Assignment -
Your copy should match the entries exactly, with no images carried over.

Brief descriptive captions:
○ ○ ○

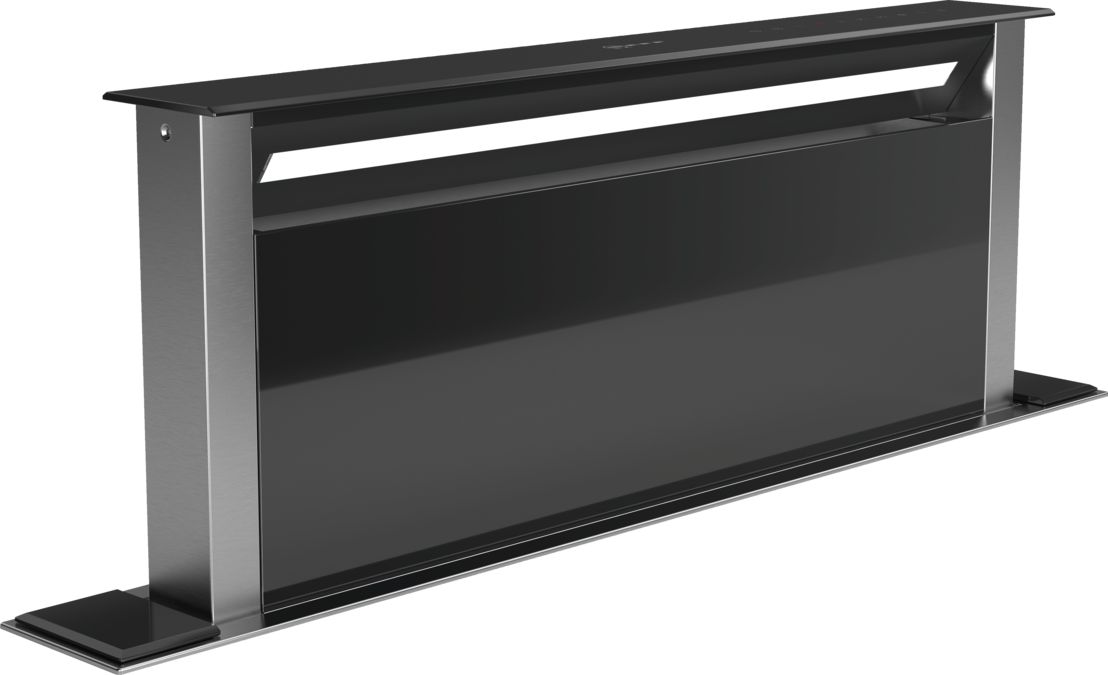 N 90 Tischlüfter 90 cm Klarglas schwarz bedruckt D95DAP8N0 D95DAP8N0-1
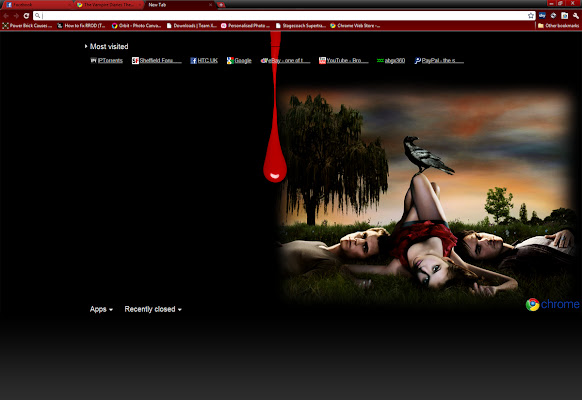 The Vampire Diaries Theme  from Chrome web store to be run with OffiDocs Chromium online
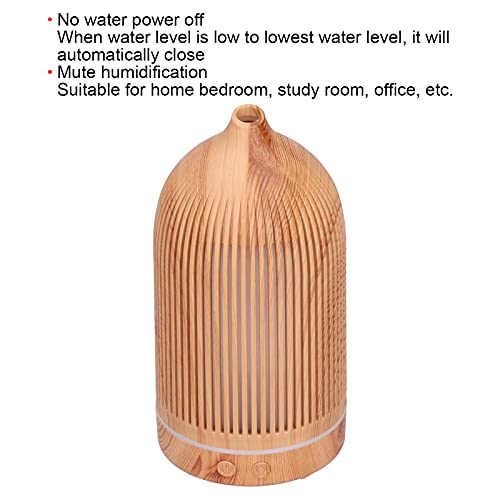 Difusor de aire silencioso de 200 ml y grano de madera con conexion USB 7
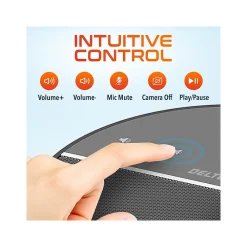 Sale Delton C90 HD 1080p Conference Speakerphone Webcam, 2 Megapixels, Black, (DCSC90)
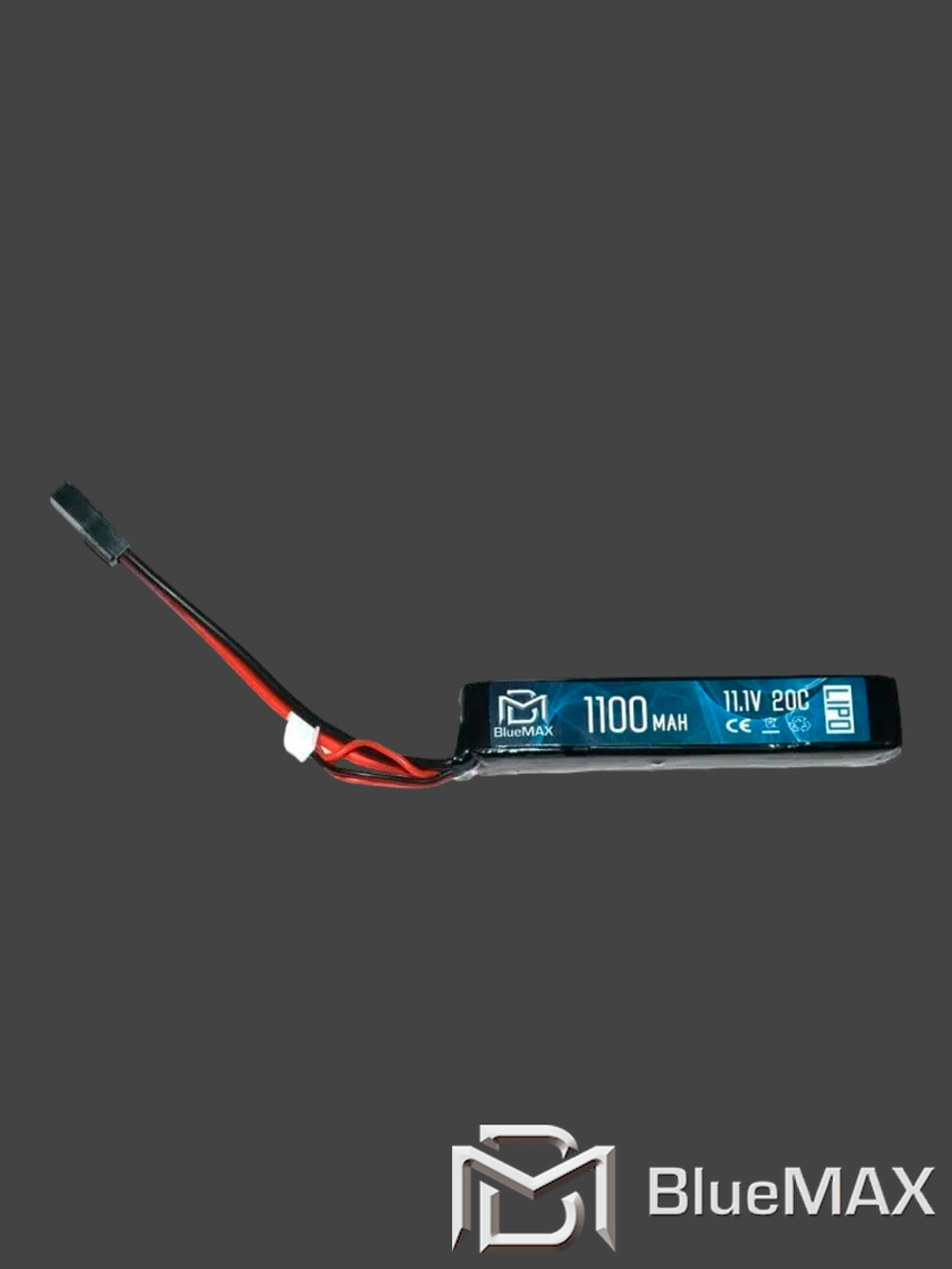 Аккумулятор BlueMAX Li-Po 11.1V 1100 mAh 20C Stick, Mini Tamiya (102x21x14,5 мм)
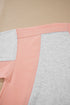Patchwork Print Uneven Hem Pullover Shorts Loungewear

○ ○ ○

Response for this exercise -
 N 90 Tischlüfter 90 cm Klarglas schwarz bedruckt D95DAP8N0 D95DAP8N0-1
 The Vampire Diaries Theme  from Chrome web store to be run with OffiDocs Chromium online
 Difusor de aire silencioso de 200 ml y grano de madera con conexion USB 7
 Sale Delton C90 HD 1080p Conference Speakerphone Webcam, 2 Megapixels, Black, (DCSC90)
 Аккумулятор BlueMAX Li-Po 11.1V 1100 mAh 20C Stick, Mini Tamiya (102x21x14,5 мм)
Patchwork Print Uneven Hem Pullover Shorts Loungewear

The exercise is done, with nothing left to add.